To test the difference between a hip snap and a sine wave, have a friend step into a sitting stance and extend his or her arm in a straight punch. Then you step into a sitting stance and move forward until the friend's fist is touching your chest. Then, without moving the fist, have your friend perform a sine wave bob into the fist. Di you feel a significant impact? Then have your friend perform a hip snap into the fist. Did you feel a significant increase in the impact?
General Hi, in the essential information section of his manual, states that in patterns:
- Students should know the purpose of each movement.
- Students should perform each movement with realism.
However, for a technique to be performed with realism, it should be:
- Fast, so it may not be blocked. The sine wave adds extra movement and, thus, more time.
- Focused, on target. Since there is up and down movement while punching, the punch is more difficult to focus.
- Powerful, so it may do damage. As stated above, the hip snap adds more power.

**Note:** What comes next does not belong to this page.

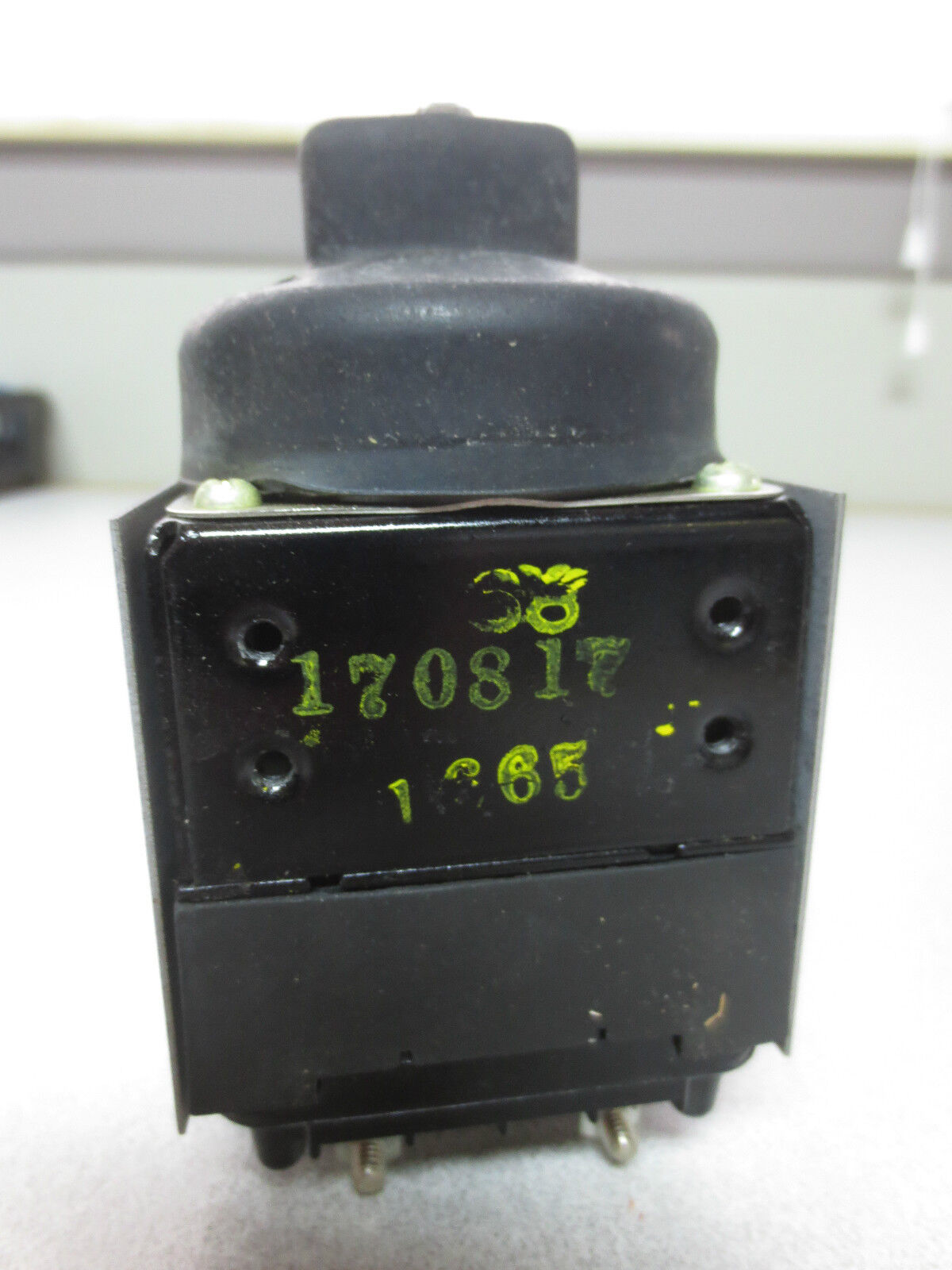 AGASTAT NE-12QT TIME DELAY RELAY - 220V, 50/60Hz -HAS CRACK SEE PHOTOS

- Instinctive, so little thought is involved. Twisting the body into a punch is natural, bobbing up and down when punching is not.
Wavers view the sine wave as a natural walking motion. When we walk, we shift all our weight to the lead leg, step forward with the rear leg, and then shift our weight onto the new lead leg. The leg receiving the weight stays bent at the knee so there is very little up and down movement of the body and the forward weight shift is smooth. Some sine wave practitioners straighten the leg receiving the weight and suddenly bend it to drop the weight into the stepping leg in an abrupt, unnatural movement.

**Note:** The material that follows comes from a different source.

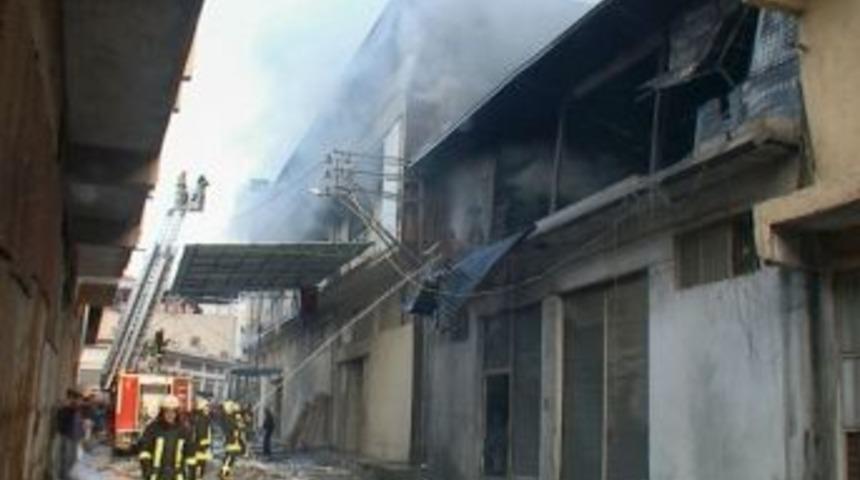 İzmir'de yatak ve baza imalathanesi tamamen yandı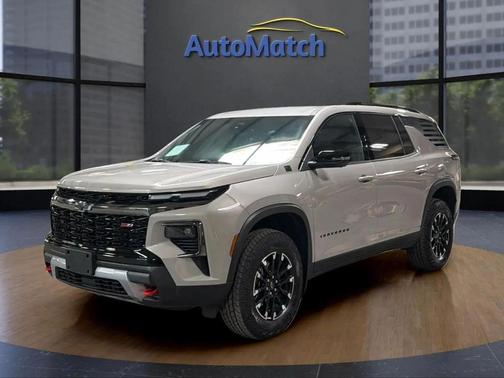 Sandstone Gray 2026 Chevrolet Traverse AWD Z71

As I stated in other articles, a method of analyzing any technique or theory is to ask, if it so great, why don’t people use it. If you watch professionals, such as boxers, or martial artists or ordinary people spar or fight under stress when they are not consciously aware of their movements, they move naturally and usually don’t make unnatural movements. Untrained people may need instruction to help them eliminate bad habits and refine their movements, but they don’t need to learn unnatural ways of moving.

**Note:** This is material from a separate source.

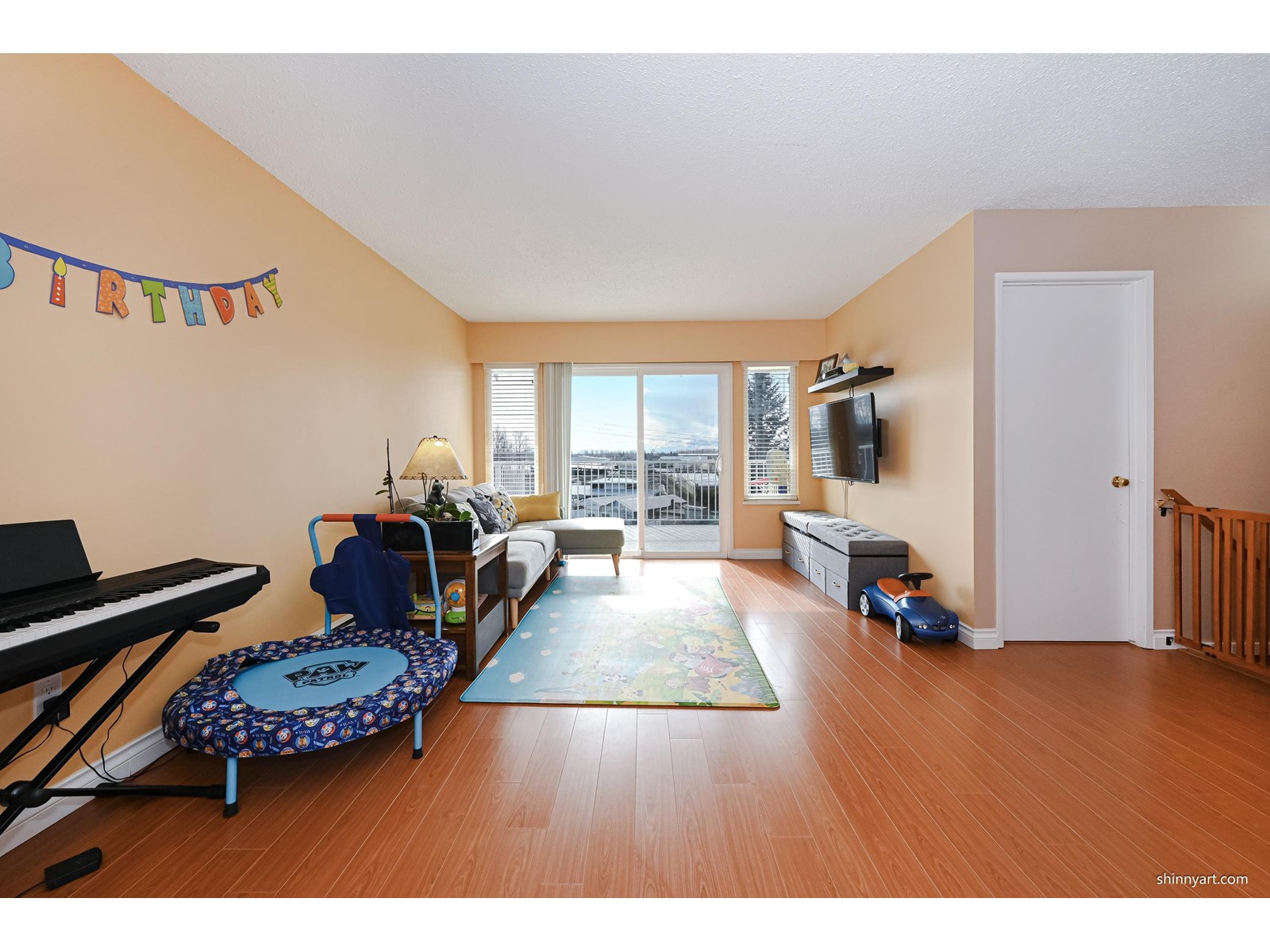 6079 Marine Drive, Burnaby, British Columbia  V3N 2X8 - Photo 9 - R2763506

Patterns use exaggerated movements and strive for perfection in techniques, but they should not use any unnatural techniques. Sparring movements are basically the same as those used in patterns and they still strive for perfection of movement, but the movements are more concise for speed and they are focused and controlled so they don’t harm the opponent. Self-defense techniques are the same as used in patterns and sparring, except there is no concern for perfection and they are focused for maximum power and injury to the attacker. To be effective in pattern performance, sparring, or self-defense, we should use the same techniques and motions and not have to think about which to use in each situation.
When the public watches martial artists, or any other athletes perform, they see people performing smooth, rhythmic, natural movements. Sometimes the movements are performed to a level that only a highly trained athlete can perform, but the public doesn’t perceive the movements as unnatural. When the public, or a practitioner of any other style of martial arts, watches an ITF practitioner move in a sine wave motion, or especially in a sawtooth motion, the motion seems odd, contrived, and unnatural.
We move naturally, babies do not have to be taught how to move and walk, it just happens instinctively. World champion runners do not have to learn some new way of running, they just learn to perfect the movements of natural running. As martial artists, we need to perfect our techniques and move naturally. We don’t need to learn some new way of moving that some "master" as determined to be the best way to move, especially when it’s in opposition to the way nature has designed us to move. General Hi did a lot of things for taekwondo during his lifetime but inventing and teaching the sine wave and the sawtooth ways of moving were not one of them.